> Goal of the exercise: Starting with the line below that holds "21st Birthday Cake" and stopping after the line that holds "Easy Turkey Santa", transcribe the lines exactly, leaving out all pictures.
#### Given data ####
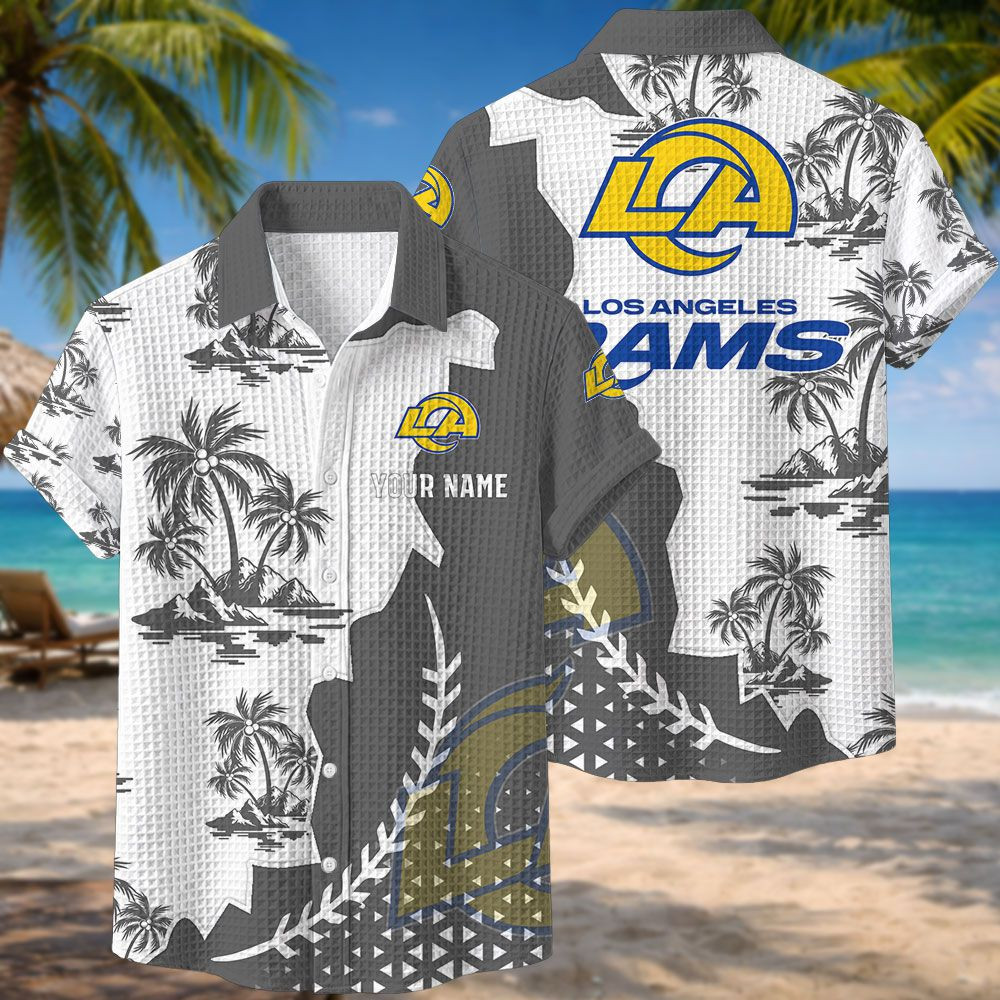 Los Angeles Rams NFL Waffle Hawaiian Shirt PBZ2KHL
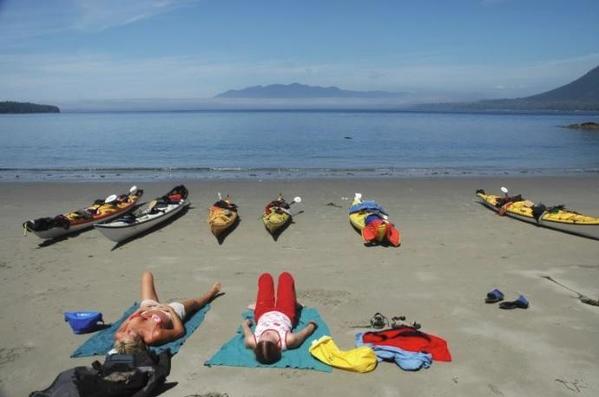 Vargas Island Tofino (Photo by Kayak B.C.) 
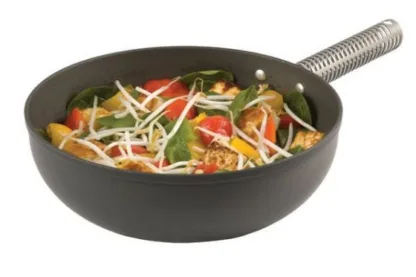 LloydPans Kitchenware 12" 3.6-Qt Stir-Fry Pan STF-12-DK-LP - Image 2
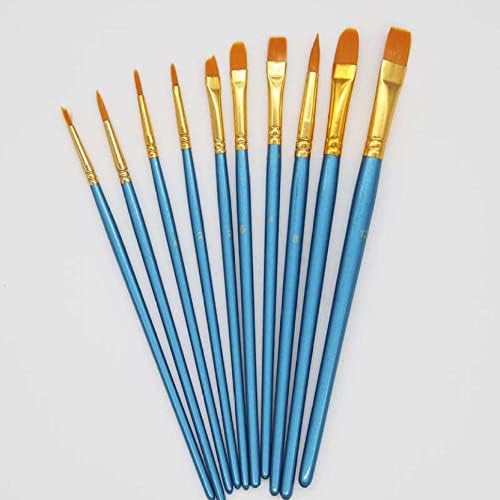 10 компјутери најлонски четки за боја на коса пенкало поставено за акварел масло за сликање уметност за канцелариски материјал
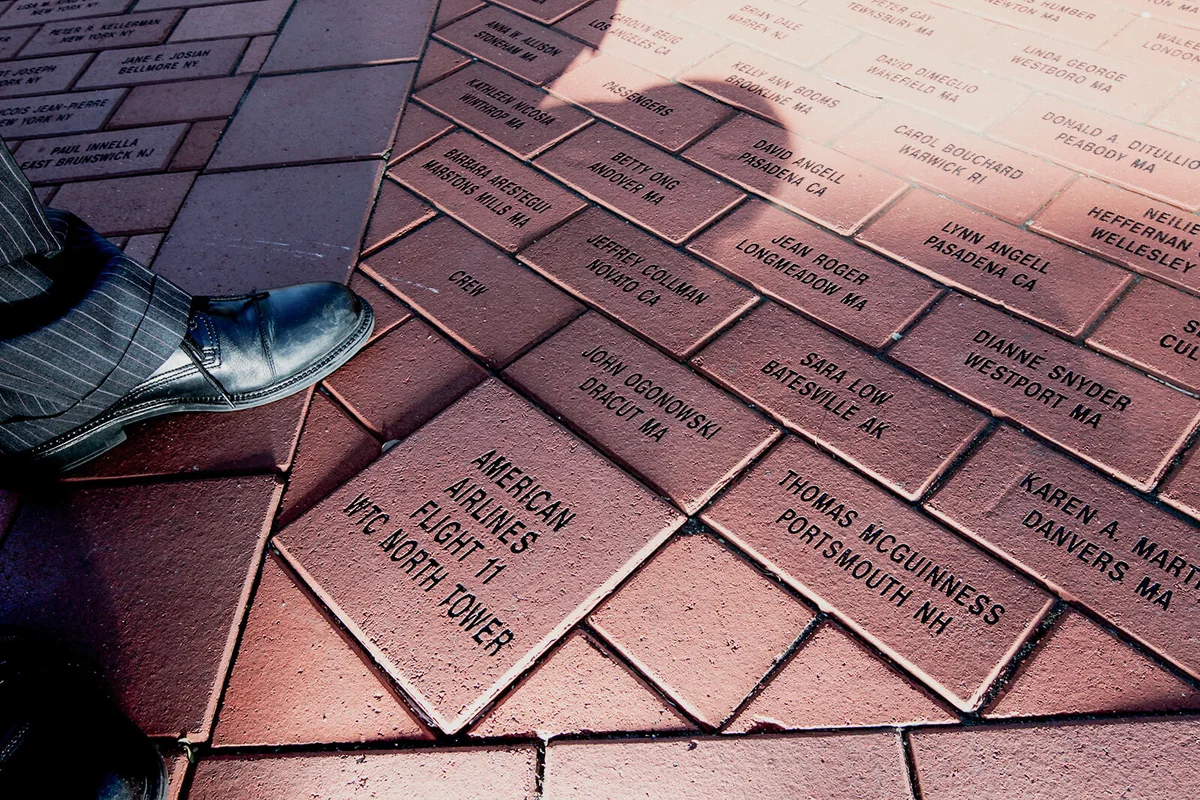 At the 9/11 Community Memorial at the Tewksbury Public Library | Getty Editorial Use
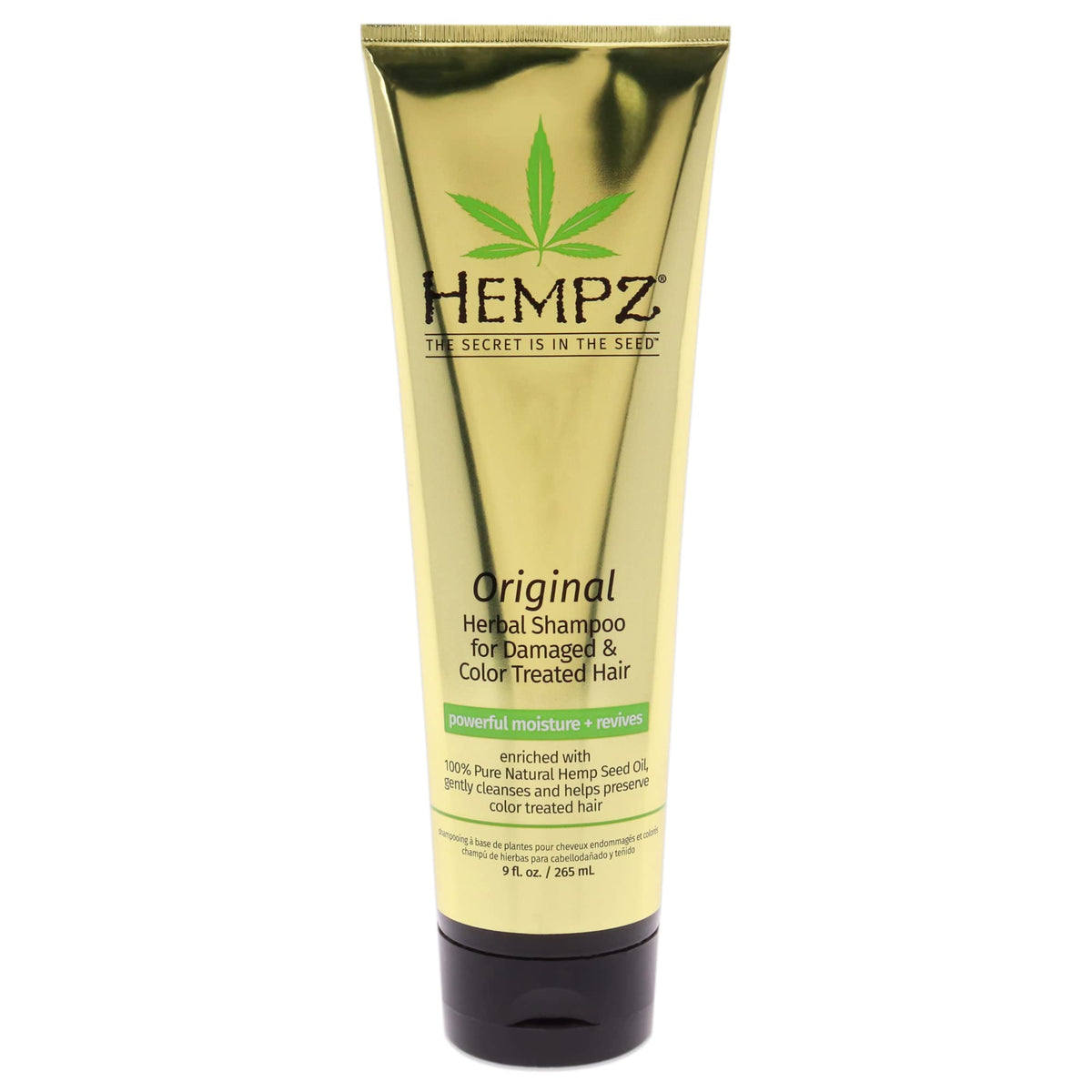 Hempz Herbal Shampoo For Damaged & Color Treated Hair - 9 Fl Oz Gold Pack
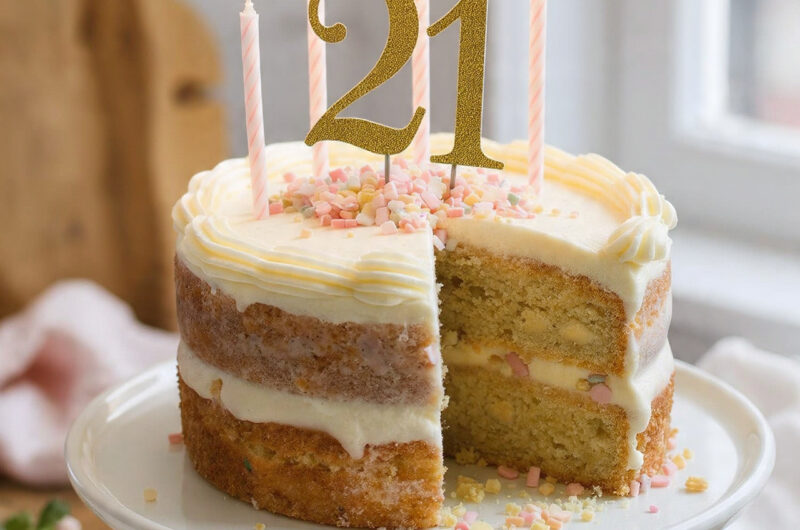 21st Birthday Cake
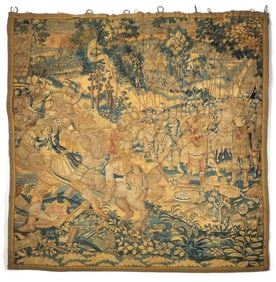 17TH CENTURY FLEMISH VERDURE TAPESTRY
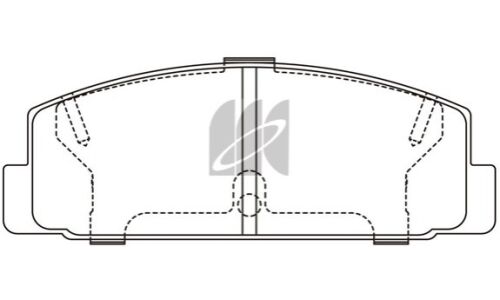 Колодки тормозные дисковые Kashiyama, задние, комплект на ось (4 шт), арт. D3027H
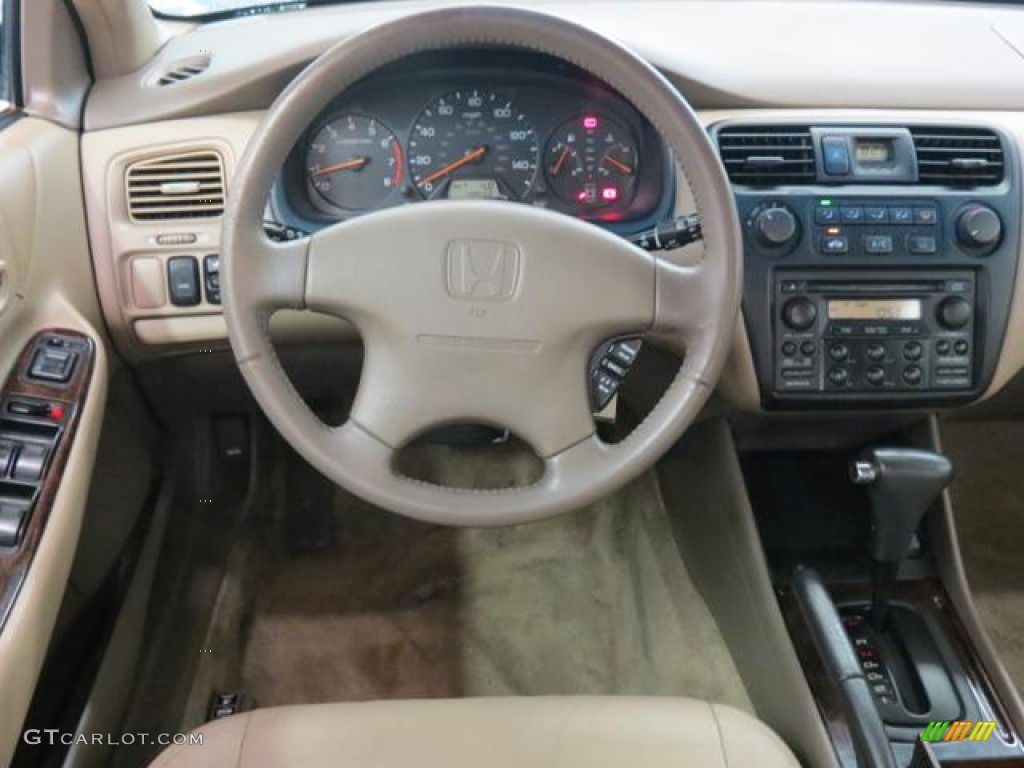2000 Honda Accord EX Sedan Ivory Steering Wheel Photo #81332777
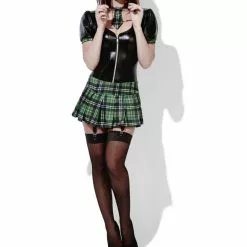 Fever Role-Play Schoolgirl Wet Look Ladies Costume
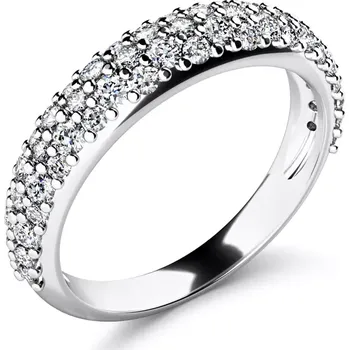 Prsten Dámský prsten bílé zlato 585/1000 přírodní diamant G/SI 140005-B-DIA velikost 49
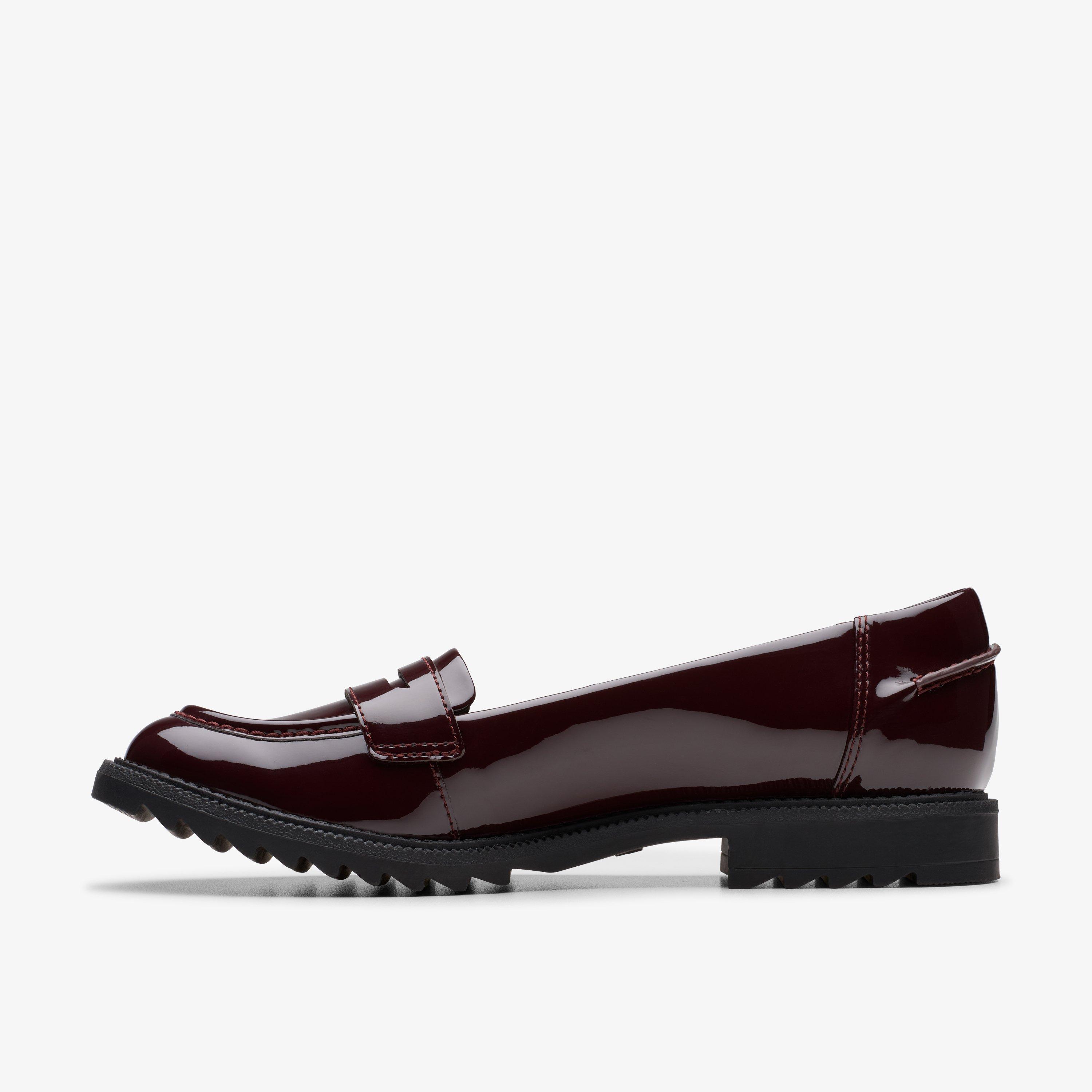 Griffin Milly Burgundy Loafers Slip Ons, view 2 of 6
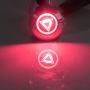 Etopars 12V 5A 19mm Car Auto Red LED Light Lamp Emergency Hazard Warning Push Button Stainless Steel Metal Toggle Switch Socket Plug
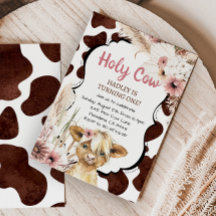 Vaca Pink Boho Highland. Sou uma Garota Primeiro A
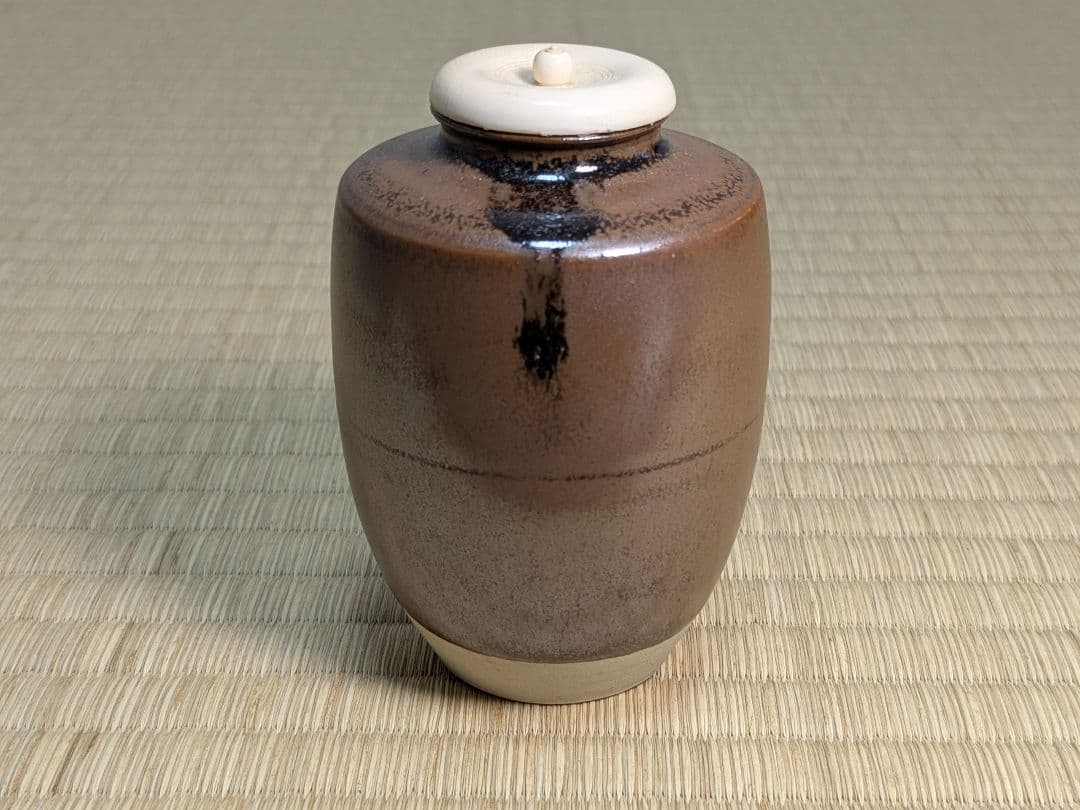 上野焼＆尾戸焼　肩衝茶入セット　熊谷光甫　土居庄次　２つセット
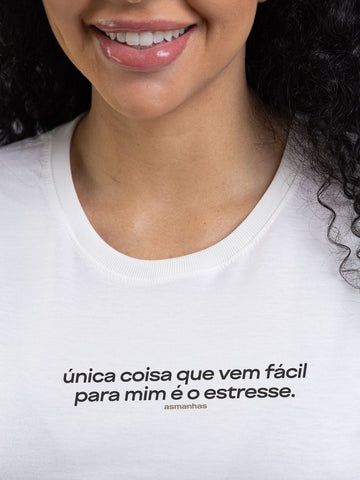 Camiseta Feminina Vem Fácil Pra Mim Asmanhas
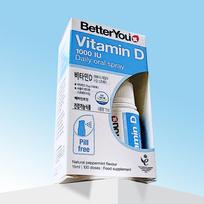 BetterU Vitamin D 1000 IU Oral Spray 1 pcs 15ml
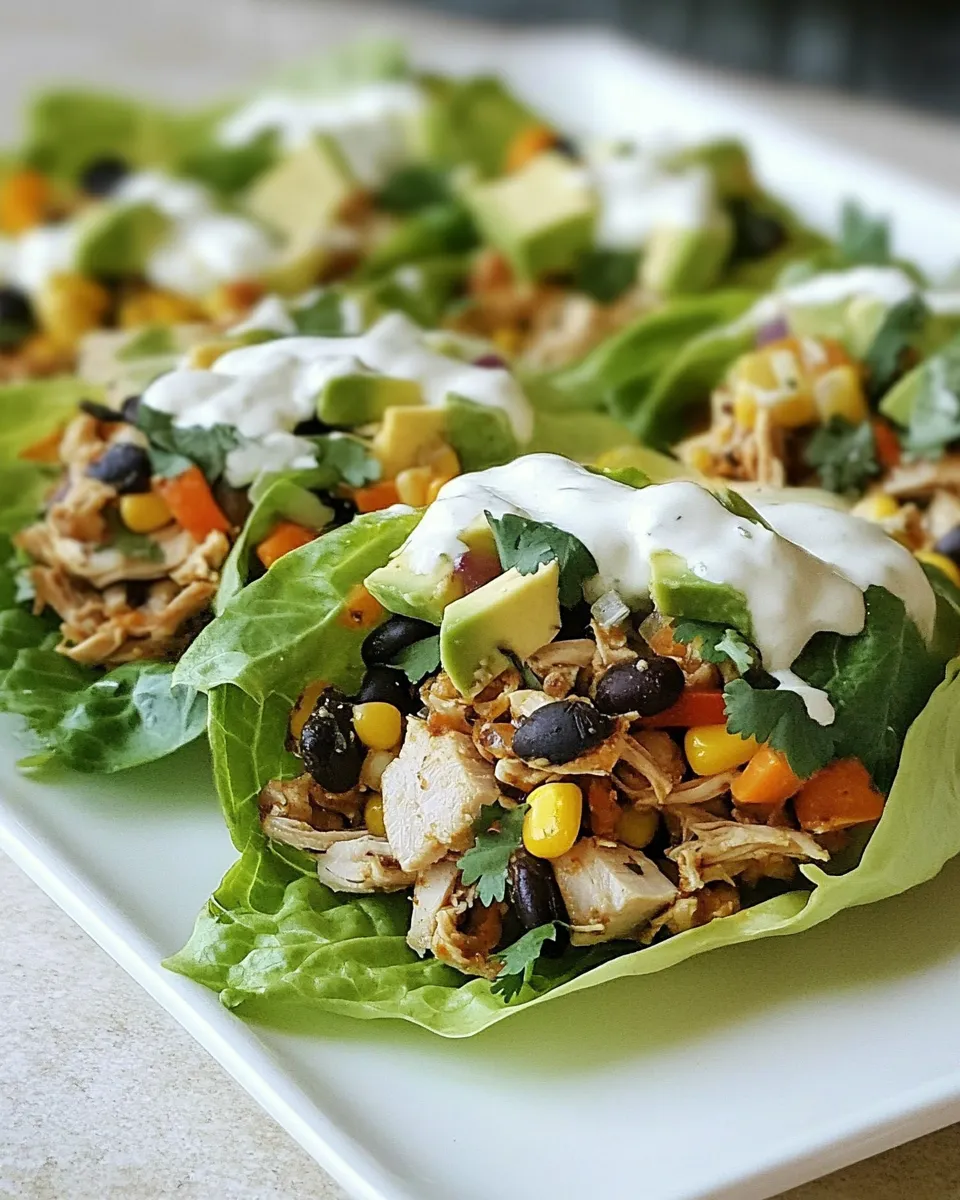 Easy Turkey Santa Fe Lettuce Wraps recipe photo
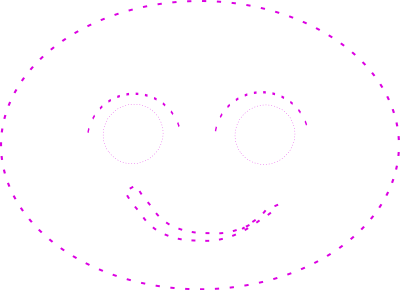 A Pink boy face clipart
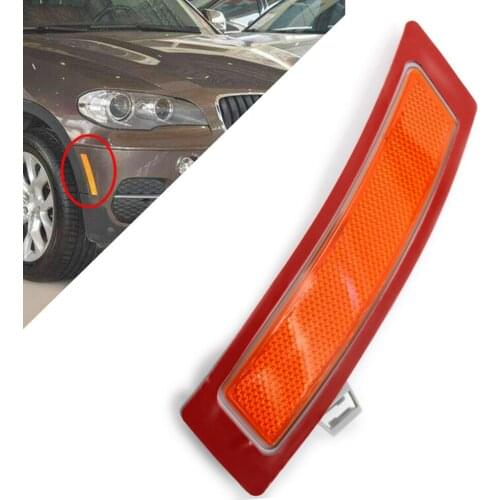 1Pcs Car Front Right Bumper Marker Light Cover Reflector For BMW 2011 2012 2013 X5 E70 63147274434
####
> The answer:
 21st Birthday Cake
 17TH CENTURY FLEMISH VERDURE TAPESTRY
 Колодки тормозные дисковые Kashiyama, задние, комплект на ось (4 шт), арт. D3027H
2000 Honda Accord EX Sedan Ivory Steering Wheel Photo #81332777
 Fever Role-Play Schoolgirl Wet Look Ladies Costume
 Prsten Dámský prsten bílé zlato 585/1000 přírodní diamant G/SI 140005-B-DIA velikost 49
 Griffin Milly Burgundy Loafers Slip Ons, view 2 of 6
 Etopars 12V 5A 19mm Car Auto Red LED Light Lamp Emergency Hazard Warning Push Button Stainless Steel Metal Toggle Switch Socket Plug
 Vaca Pink Boho Highland. Sou uma Garota Primeiro A
 上野焼＆尾戸焼　肩衝茶入セット　熊谷光甫　土居庄次　２つセット
 Camiseta Feminina Vem Fácil Pra Mim Asmanhas
 BetterU Vitamin D 1000 IU Oral Spray 1 pcs 15ml
 Easy Turkey Santa Fe Lettuce Wraps recipe photo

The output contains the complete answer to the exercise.